◆ Data block:
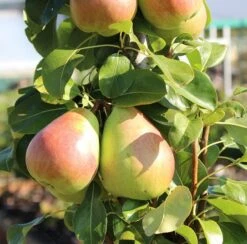 Säulenbirne `Obelisk®´ Pyrus Communis `Obelisk®´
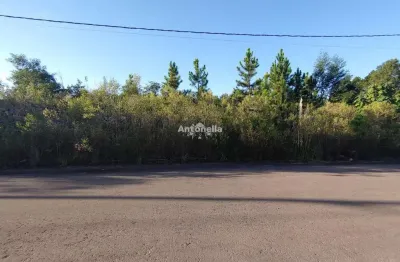Terreno à venda na Bela Vista, Caxias do Sul 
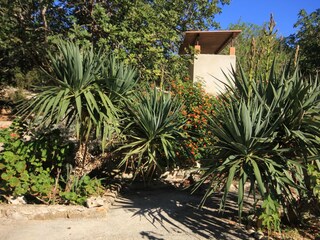 Ferienhaus Vis (Stadt)  4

◆ Directions for this task:
Would you please output the listing above exactly, leaving out the pictures?

◆ Problem solution:
 Säulenbirne `Obelisk®´ Pyrus Communis `Obelisk®´
Terreno à venda na Bela Vista, Caxias do Sul 
 Ferienhaus Vis (Stadt)  4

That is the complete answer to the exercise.